No site Inteligência (http://www.inteligemcia.com.br), em matéria de Miriam Matos, no dia 20 de junho, lemos, entre outras coisas, o seguinte:

     “Muitas empresas perceberam, nos últimos anos,a força do poderoso mercado gay. Público que gasta 30% mais que os heterossexuais e se mantém fiel às marcas, esse nicho tem atraído a atenção de diversos segmentos tas como moda, turismo, decoração, esportes, cultura, etc. Segundo o IBGE, 10% da população do Brasil é homossexual. Na visão corporativa, isso significa 18 milhões de consumidores. O potencial de compras dos gays é maior. Eles gastam mais em viagens, restaurantes, casas noturnas, cinema, teatro, roupas, carros, etc. (...)”

     Há uma lei não escrita no capitalismo, mas que todos os interessados entendem como perfeita. Pode ser escrita mais ou menos assim: “As leis são feitas para favorecer as castas possuidoras e para refrear qualquer reação da multidão empobrecida”.

     Um exemplo: as invasões dos morros no Rio de Janeiro, com a utilização de todo o aparato bélico possível vai contra vários artigos da Constituição, assim como o direito de ir e vir, a inviolabilidade do lar, a prisão por “suspeita”, etc. Isso só acontece porque a grande maioria dos favelados, senão todos, não paga IPTU, além de outros impostos, e são caracterizadas como pessoas marginalizadas ‘a priori’, significando que com eles tudo pode ser feito, mesmo que contra a lei.

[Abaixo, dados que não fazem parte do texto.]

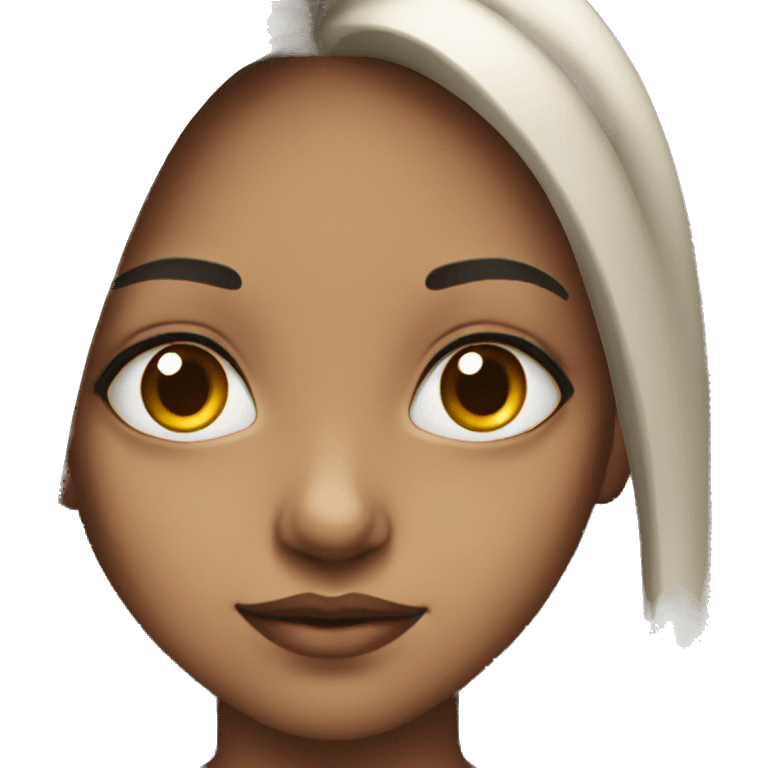 captivating gaze of a girl emoji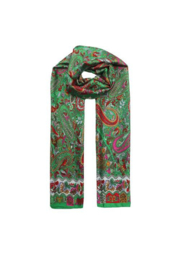 Prachtige satijnen sjaal  Abby - groen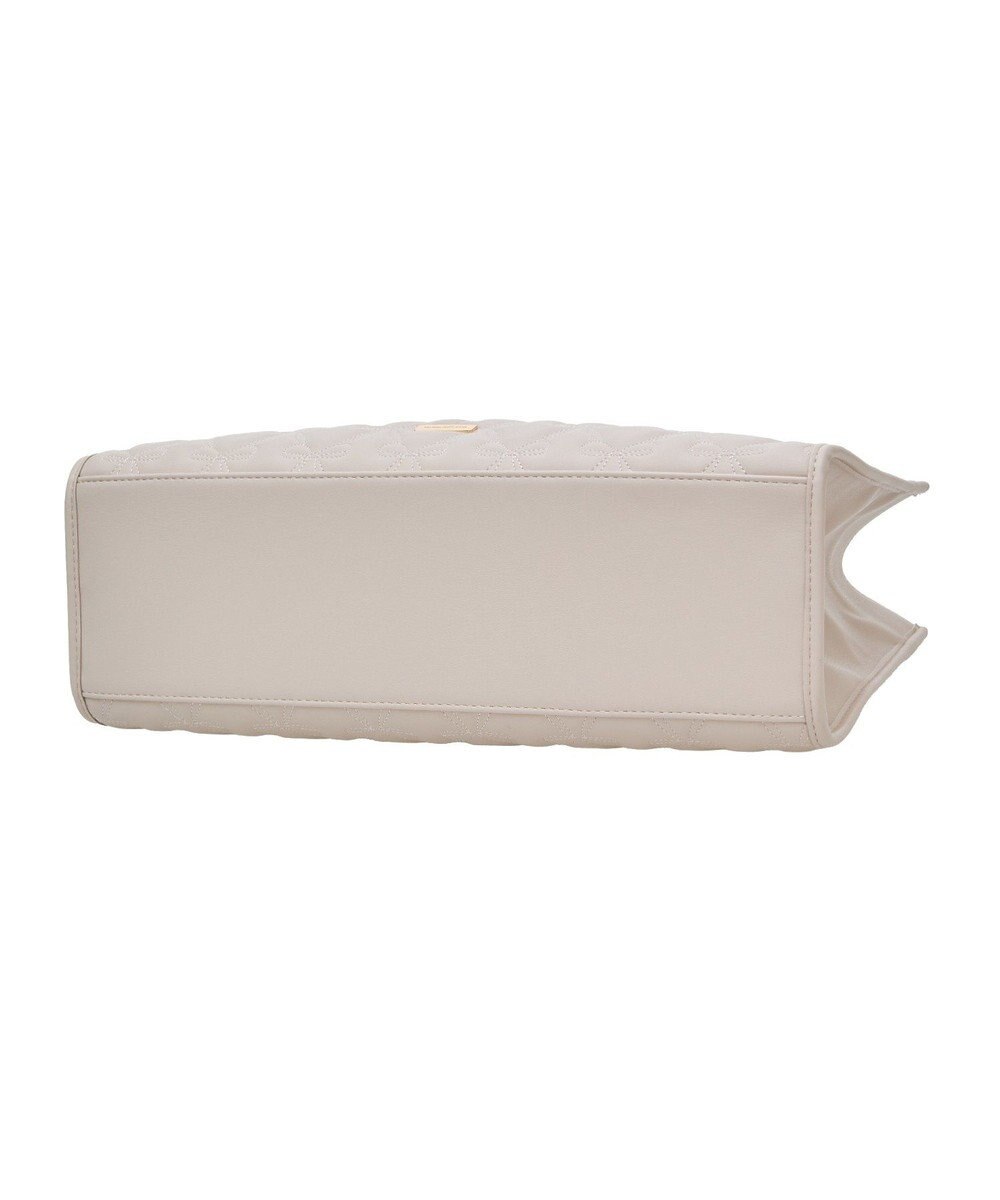 Maison de FLEUR スカーフ付リボンキルティングトートバッグ 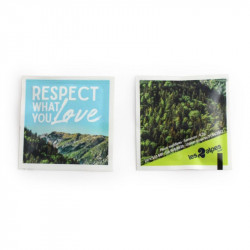 Sachet de graines personnalisés publicitaire, fleurs, aromatiques, légumes, goodies écologiques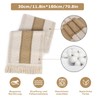 Figarge Macrame Table Runner, Beige Boho Table Runner with Tassels,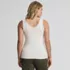 Women's Variegated Micro Rib Lace Trim Cami, Back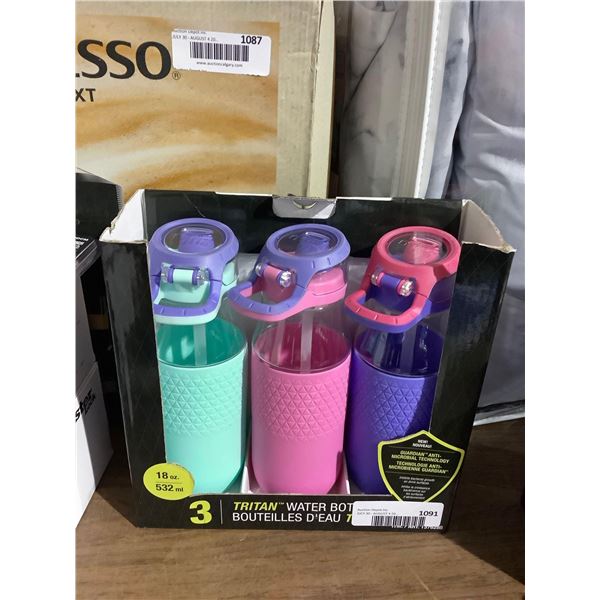 Zulu Tritan Water Bottles 3-Pack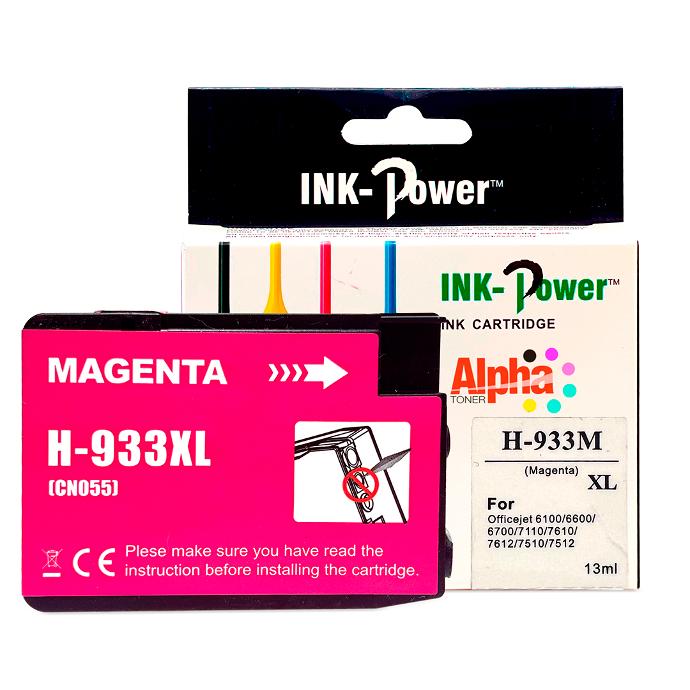 CARTUCHO DE TINTA COMPATIBLE HEP 933XL MAGENTA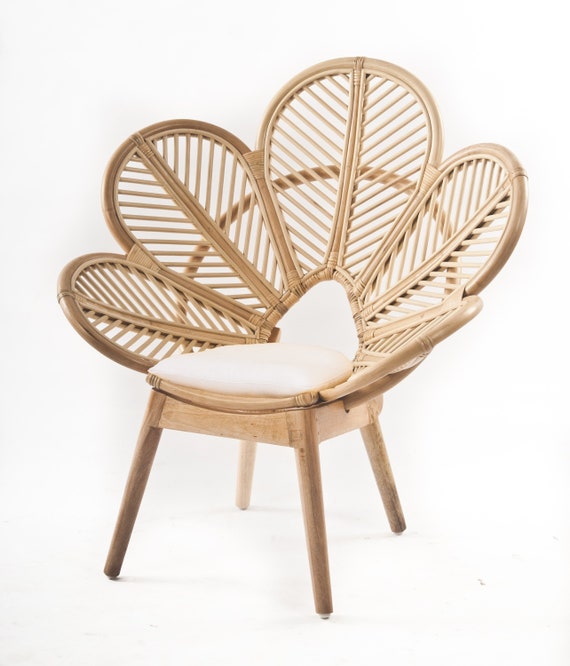 Kids Handmade Rattan Petal Chair Unique Kids Feature Chair Etsy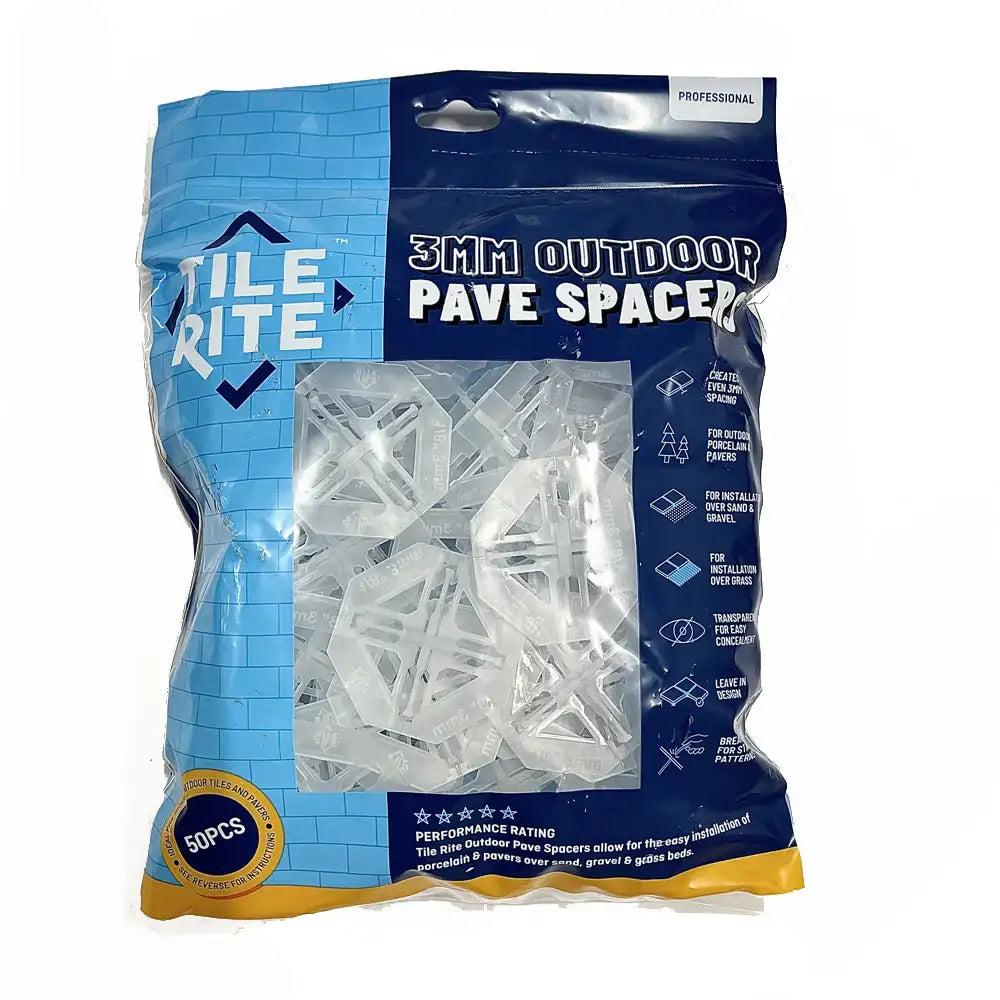 Tilerite Pave Spacer 3mm Pack 50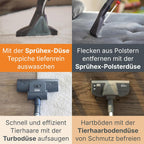 Aqua+ PET & Family – 1700W starker Nass- und Trockensauger für Tierhaare mit Wischfunktion und Polsterreinigung für Teppich, Sofa, Polster & Matratze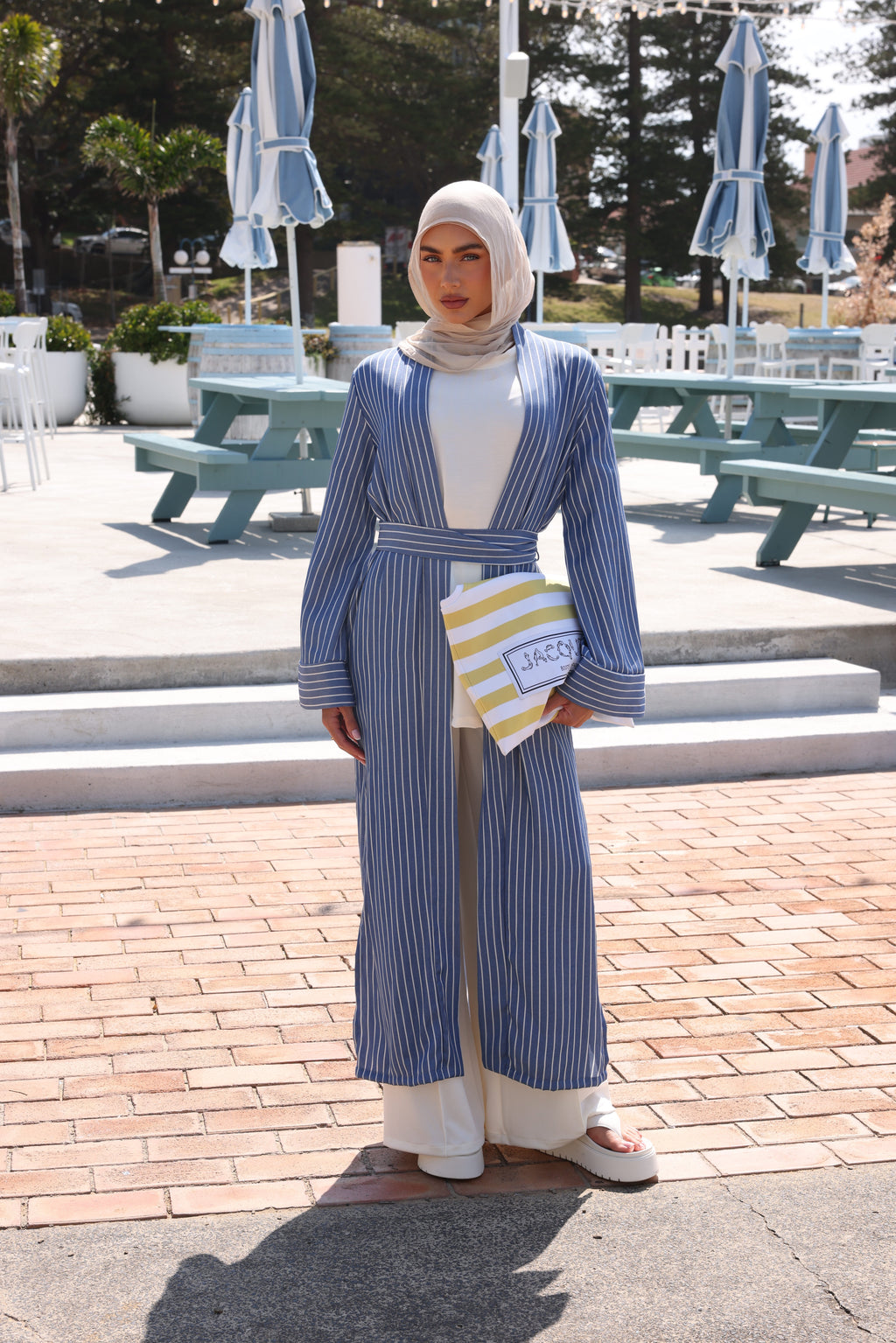 Maxi Coastal Robe Stripe (1 week pre order)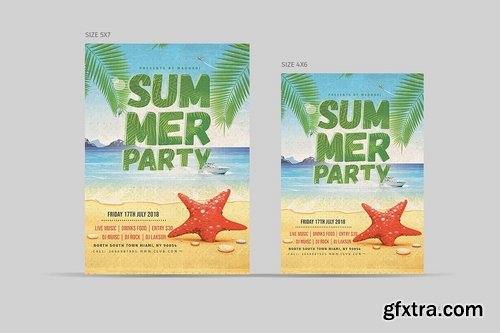 CM - Vintage Summer Party Flyer 2380859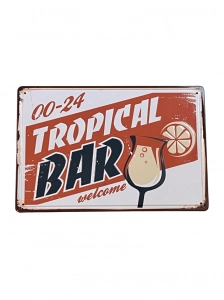 Tropical Bar fém tábla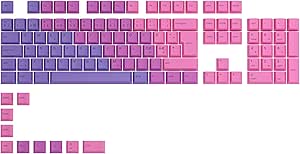 Glorious PC Gaming Race GPBT Tuş Takımı, 115 PBT Tuş Takımı, ISO, NO-Layout, Nebula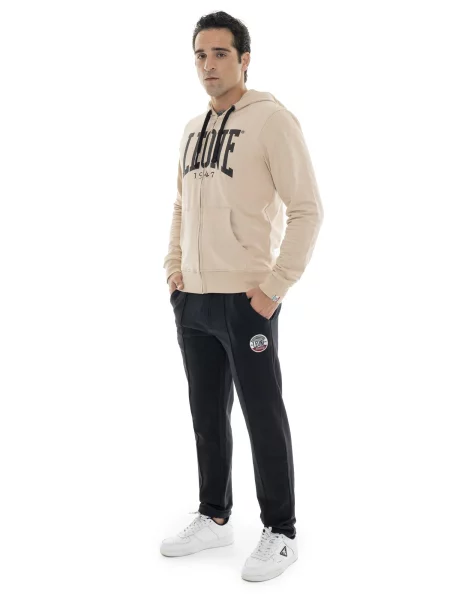 Bluza z z kieszeń na co dzień na siłownię czarna
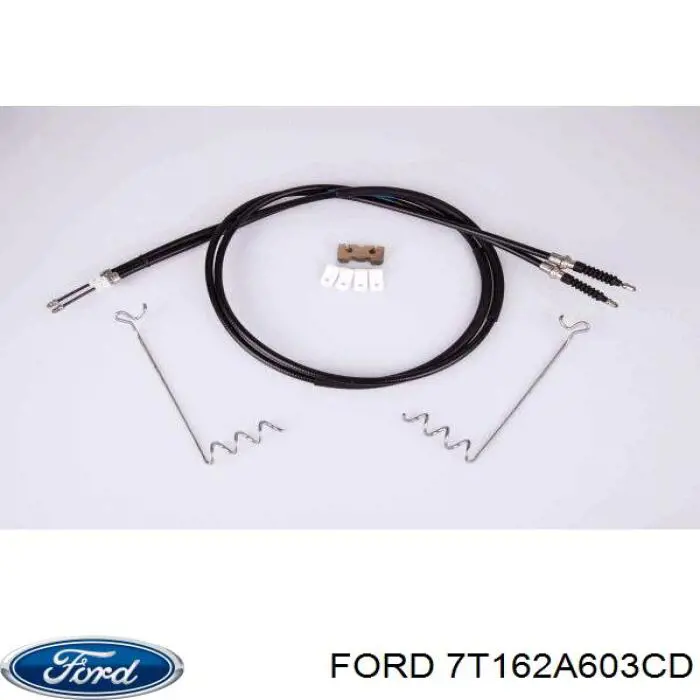 Задний трос ручника Ford 7T162A603CD цена, от 28.16 USD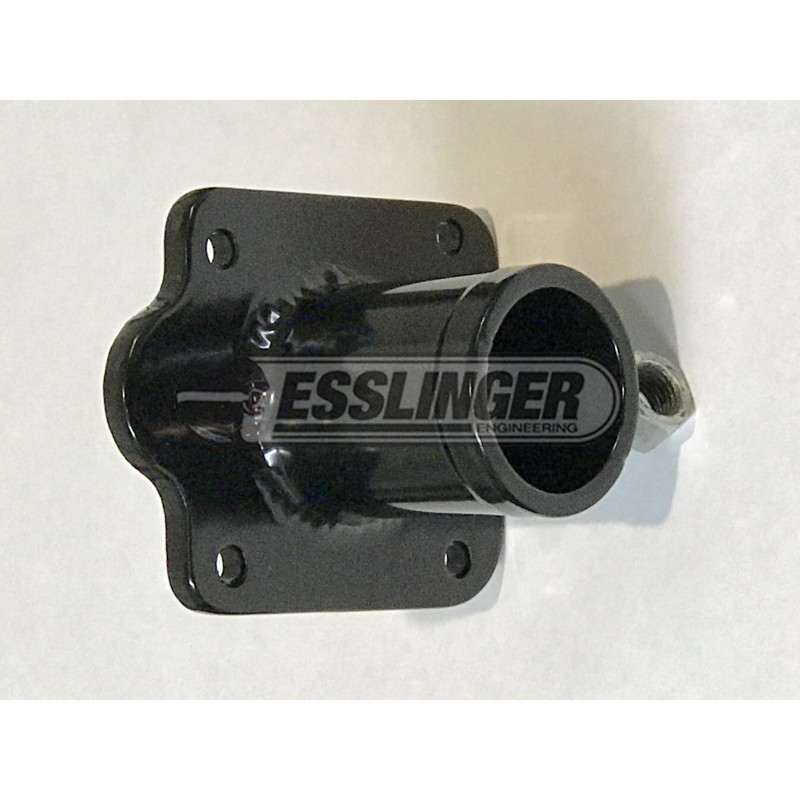 Black Aluminum 1.5" Water Inlet Housing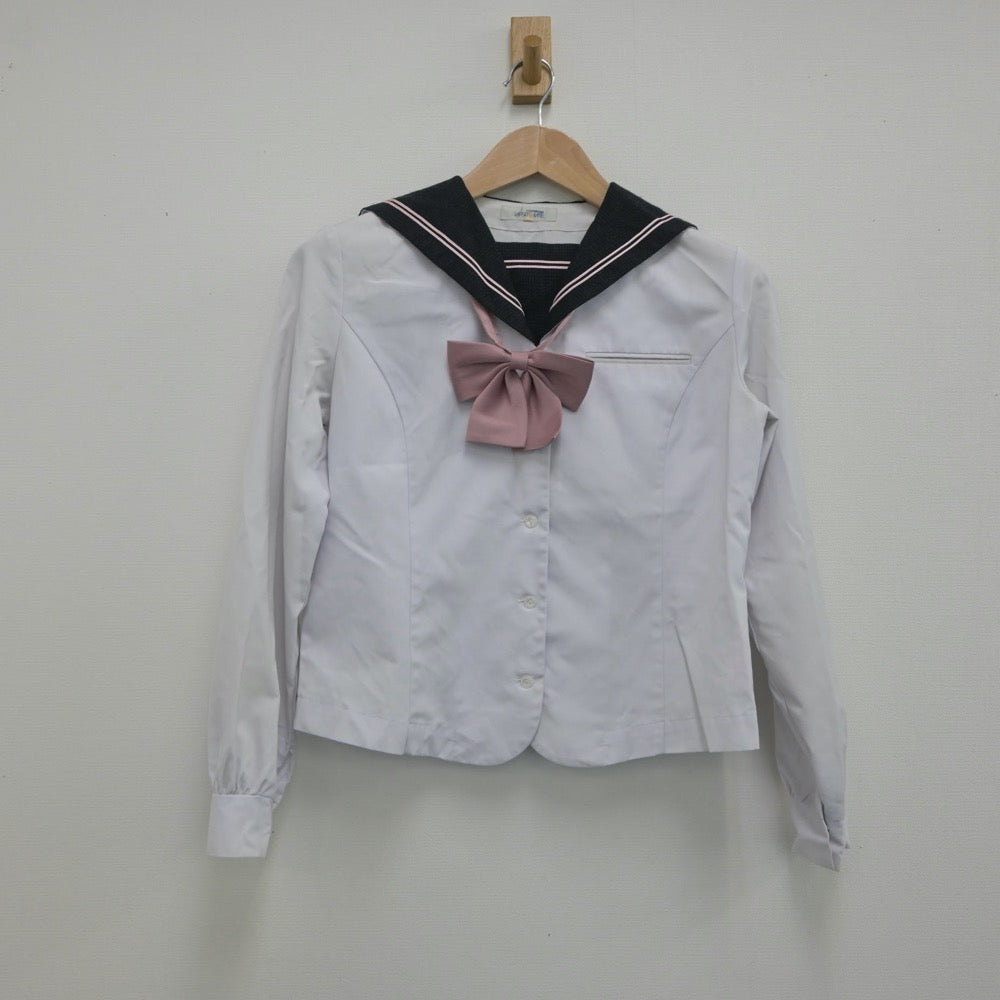 【中古】広島県 瀬戸内高等学校 女子制服 4点（ブレザー・セーラー服・スカート）sf016279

     Mas para os homossexuais, que formam uma casta a parte no mercado de consumo, procura-se fazer leis que os favoreçam, mesmo que essas leis fiquem acima ou contra a Constituição. É uma questão de mercado. E também de ideologia.

     Para isso, procura-se tirar o direito das famílias – que são a base do Estado e o constituem – de educar os seus filhos de acordo com a moral vigente. Porque a moral vigente não dá lucro.

     Elimina-se o direito de opinião e crítica, a liberdade de expressão, se essa liberdade for usada para criticar leis que favorecem aquela casta exclusivamente consumista e que compactua com o sistema de desigualdades sociais. Uma casta que só pensa em si mesma.

     Proíbe-se aos cristãos o direito de expressar a sua crença livremente, de acordo com a Bíblia, porque aquele livro diz que homossexualidade é perversão - e os homossexuais devem ser considerados acima de qualquer suspeita e até acima de todas as leis que não os favoreçam, porque aos grandes consumidores devem ser dados todos os direitos, mesmo que em detrimento dos direitos dos demais cidadãos.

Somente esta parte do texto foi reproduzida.